Excerpted data Block Start
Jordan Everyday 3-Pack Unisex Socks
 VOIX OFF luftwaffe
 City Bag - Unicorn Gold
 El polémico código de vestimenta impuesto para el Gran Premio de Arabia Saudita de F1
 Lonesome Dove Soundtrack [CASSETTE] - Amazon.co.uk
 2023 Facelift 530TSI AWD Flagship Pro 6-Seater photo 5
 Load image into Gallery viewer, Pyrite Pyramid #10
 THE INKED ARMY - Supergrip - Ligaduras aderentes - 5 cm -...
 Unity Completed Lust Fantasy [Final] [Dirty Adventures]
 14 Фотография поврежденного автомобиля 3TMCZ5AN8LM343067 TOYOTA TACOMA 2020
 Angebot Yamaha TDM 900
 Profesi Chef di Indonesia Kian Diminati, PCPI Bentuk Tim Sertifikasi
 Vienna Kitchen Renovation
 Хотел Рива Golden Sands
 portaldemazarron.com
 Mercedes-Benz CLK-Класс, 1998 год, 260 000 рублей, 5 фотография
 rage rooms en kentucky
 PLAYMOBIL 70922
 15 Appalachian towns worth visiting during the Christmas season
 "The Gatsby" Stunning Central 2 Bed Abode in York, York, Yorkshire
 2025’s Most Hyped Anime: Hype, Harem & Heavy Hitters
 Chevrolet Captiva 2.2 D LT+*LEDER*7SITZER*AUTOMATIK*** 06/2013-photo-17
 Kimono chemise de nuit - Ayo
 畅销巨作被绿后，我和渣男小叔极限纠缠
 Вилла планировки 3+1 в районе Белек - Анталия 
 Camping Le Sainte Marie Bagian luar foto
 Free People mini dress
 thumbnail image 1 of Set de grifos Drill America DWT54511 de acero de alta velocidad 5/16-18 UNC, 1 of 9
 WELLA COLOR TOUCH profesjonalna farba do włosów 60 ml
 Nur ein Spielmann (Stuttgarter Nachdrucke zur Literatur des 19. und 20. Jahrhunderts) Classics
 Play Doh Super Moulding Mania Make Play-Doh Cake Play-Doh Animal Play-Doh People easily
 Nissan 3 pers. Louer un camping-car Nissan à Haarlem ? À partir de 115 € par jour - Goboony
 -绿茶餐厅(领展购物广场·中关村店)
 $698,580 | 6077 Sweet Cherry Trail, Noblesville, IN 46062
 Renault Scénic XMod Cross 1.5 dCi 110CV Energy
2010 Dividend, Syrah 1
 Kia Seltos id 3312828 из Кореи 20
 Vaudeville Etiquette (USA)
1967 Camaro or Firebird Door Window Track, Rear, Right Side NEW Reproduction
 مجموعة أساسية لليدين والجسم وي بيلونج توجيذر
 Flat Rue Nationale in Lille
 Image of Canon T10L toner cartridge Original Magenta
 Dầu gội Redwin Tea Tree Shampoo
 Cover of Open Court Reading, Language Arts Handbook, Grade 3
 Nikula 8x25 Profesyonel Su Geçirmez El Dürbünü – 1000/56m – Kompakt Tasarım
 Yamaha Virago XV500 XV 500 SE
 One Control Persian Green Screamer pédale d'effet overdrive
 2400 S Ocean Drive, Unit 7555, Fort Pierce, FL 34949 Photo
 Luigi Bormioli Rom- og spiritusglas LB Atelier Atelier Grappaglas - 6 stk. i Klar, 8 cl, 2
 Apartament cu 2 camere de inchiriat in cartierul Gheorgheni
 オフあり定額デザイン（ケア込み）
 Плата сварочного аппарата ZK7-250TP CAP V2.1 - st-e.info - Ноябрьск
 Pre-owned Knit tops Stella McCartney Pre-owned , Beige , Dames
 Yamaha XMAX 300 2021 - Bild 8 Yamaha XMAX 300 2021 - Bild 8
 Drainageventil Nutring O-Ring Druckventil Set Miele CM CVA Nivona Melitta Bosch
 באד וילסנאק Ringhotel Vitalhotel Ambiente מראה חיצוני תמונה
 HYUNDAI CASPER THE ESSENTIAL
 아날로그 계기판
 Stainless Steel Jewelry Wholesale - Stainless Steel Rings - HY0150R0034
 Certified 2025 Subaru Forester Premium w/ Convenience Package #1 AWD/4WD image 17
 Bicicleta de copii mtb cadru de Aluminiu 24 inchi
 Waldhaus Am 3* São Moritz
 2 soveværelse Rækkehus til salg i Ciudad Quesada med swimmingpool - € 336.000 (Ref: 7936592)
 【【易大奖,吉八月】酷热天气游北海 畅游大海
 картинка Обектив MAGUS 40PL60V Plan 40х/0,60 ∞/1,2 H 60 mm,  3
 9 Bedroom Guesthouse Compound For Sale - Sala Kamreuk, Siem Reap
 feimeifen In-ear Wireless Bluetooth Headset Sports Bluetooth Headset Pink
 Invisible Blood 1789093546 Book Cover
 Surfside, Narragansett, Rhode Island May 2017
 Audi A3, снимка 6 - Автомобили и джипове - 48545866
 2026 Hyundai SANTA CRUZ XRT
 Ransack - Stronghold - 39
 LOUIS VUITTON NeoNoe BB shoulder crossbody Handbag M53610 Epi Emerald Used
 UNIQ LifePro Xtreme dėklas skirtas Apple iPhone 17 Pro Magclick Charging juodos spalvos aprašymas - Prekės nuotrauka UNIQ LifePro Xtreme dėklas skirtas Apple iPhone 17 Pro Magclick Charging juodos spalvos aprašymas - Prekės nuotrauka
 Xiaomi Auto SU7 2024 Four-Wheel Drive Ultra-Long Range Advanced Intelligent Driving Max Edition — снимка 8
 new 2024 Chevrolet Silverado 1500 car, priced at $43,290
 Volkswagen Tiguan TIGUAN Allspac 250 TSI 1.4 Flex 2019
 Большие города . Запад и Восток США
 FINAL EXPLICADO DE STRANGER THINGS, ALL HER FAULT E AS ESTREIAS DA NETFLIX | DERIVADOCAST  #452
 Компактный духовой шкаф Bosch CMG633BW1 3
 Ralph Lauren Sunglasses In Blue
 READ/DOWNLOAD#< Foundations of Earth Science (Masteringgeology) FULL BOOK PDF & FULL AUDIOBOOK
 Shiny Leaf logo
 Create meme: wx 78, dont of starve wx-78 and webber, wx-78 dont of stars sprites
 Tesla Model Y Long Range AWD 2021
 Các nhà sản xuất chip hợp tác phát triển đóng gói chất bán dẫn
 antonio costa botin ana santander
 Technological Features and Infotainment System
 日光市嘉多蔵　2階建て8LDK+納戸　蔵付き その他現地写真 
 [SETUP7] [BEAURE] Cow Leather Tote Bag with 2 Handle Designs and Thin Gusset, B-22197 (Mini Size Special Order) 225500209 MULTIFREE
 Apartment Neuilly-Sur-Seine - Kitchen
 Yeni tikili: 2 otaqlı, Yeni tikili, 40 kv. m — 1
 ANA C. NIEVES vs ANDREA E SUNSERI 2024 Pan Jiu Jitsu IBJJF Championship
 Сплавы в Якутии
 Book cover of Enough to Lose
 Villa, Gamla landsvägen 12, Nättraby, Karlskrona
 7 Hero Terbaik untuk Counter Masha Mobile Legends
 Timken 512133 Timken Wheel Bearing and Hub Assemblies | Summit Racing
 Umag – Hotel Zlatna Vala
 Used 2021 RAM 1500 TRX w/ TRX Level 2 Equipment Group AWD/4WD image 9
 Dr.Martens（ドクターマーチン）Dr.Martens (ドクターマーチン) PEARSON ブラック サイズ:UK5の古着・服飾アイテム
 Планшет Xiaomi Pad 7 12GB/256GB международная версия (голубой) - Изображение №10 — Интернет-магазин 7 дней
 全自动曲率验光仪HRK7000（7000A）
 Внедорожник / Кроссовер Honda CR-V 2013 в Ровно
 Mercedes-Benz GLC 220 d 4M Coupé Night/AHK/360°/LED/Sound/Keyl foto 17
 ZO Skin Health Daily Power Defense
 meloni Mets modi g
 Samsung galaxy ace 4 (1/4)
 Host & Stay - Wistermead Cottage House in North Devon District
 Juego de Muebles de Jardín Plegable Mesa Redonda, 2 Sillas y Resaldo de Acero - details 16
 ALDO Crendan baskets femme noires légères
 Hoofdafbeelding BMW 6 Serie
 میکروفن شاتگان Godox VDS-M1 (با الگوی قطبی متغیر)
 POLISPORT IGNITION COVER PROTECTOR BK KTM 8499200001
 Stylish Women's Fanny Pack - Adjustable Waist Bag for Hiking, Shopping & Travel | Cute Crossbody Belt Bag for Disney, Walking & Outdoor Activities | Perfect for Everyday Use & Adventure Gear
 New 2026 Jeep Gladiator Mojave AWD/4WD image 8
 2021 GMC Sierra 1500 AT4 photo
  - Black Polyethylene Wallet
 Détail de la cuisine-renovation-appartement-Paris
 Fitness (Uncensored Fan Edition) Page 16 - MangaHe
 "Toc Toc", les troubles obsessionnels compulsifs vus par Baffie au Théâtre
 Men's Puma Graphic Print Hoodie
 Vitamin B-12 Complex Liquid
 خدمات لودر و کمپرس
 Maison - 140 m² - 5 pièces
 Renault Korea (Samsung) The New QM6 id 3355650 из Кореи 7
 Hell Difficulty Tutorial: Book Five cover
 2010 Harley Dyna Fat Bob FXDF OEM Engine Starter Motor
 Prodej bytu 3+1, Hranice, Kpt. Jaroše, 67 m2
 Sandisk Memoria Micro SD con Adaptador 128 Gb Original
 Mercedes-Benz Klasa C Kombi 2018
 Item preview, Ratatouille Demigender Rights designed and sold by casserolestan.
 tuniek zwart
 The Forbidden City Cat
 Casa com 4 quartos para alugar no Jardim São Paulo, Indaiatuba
Excerpted data Block End
▶ [What the exercise asks] Set down only the line containing "خدمات لودر و کمپرس" and the lines after it through the end, exactly as they appear above.

▶ [Your solution]
 خدمات لودر و کمپرس
 Maison - 140 m² - 5 pièces
 Renault Korea (Samsung) The New QM6 id 3355650 из Кореи 7
 Hell Difficulty Tutorial: Book Five cover
 2010 Harley Dyna Fat Bob FXDF OEM Engine Starter Motor
 Prodej bytu 3+1, Hranice, Kpt. Jaroše, 67 m2
 Sandisk Memoria Micro SD con Adaptador 128 Gb Original
 Mercedes-Benz Klasa C Kombi 2018
 Item preview, Ratatouille Demigender Rights designed and sold by casserolestan.
 tuniek zwart
 The Forbidden City Cat
 Casa com 4 quartos para alugar no Jardim São Paulo, Indaiatuba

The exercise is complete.